The facts provided by IRAS were as follows:
1. The taxpayer was a sole-proprietor of his business in 1996 whose principal activities are wholesale of parts and accessories for vehicles. The business was registered for GST in 1998 and the taxpayer was responsible for the GST compliance for his business.
2. IRAS’ investigation revealed that the taxpayer had declared fictitious input tax claims in the relevant GST returns from September 2000 to September 2007 by adding transhipments goods of the business into the relevant GST returns under the value of taxable purposes although the fact was that no GST was incurred by the business. IRAS also found out that the taxpayer had burnt the physical copies of the records in order to impede IRAS’ investigations when he realized that IRAS requested records to assess the amount of tax undercharged.

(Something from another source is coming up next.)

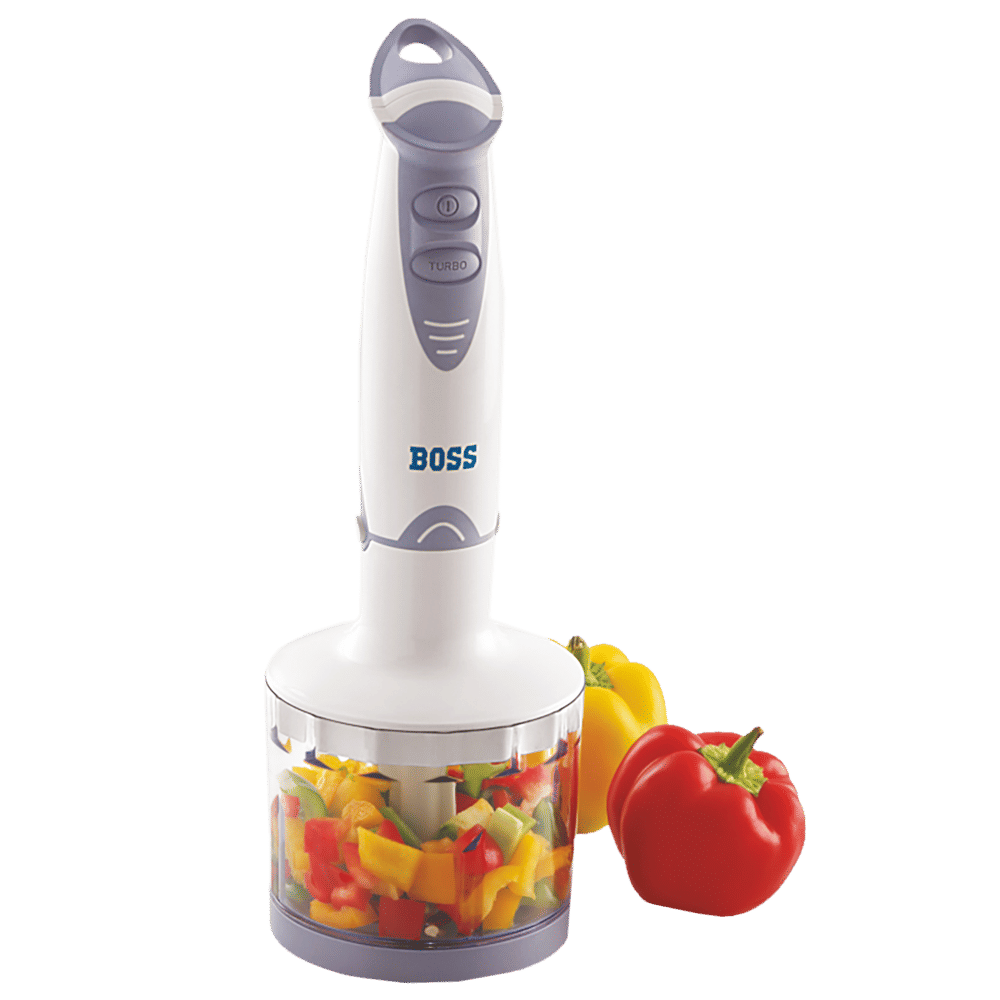 BOSS Quickmix 450 Watt 2 Speed Hand Blender with 4 Attachments (Detachable Metal Foot, White) BOSS Quickmix 450 Watt 2 Speed Hand Blender with 4 Attachments (Detachable Metal Foot, White)_12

3. Taxpayer finally admitted that he obtained fraudulent refunds from the Comptroller of GST due to greed. He pleaded guilty to 11 charges of creating false entries in the relevant GST returns to evade tax, and 3 charges for destruction of supporting documents. 18 charges of creating false entries were taken into consideration for sentencing. He faced a penalty of S$413K which is 3 times the amount of tax undercharged.
This case provided us with three important reminders for the purpose of GST compliance:
- There is no time limit for IRAS to initiate any recovery action for tax undercharged if fraud is committed on the part of the taxpayer.
- Input tax can only be claimed by businesses if they have incurred GST on purchases against their taxable supplies (including domestic sales and export sales) provided that the essential conditions for making claims can be satisfied.